Please output exactly the part of the records below that opens with the line containing "Bath Interior" and closes with the line containing "Bright and Spacious", both lines included, and nothing else.

*** Records supplied ***

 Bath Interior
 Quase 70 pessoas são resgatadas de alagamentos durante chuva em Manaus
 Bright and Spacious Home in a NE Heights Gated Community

***
*** Records supplied ***

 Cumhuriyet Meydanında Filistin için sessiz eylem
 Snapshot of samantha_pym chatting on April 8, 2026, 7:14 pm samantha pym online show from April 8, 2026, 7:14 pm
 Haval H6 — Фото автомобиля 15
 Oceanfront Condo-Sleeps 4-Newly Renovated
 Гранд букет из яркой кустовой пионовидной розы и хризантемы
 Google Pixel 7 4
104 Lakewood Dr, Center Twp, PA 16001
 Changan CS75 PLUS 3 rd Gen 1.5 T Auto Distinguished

***

*Solution*
 Bath Interior
 Quase 70 pessoas são resgatadas de alagamentos durante chuva em Manaus
 Bright and Spacious Home in a NE Heights Gated Community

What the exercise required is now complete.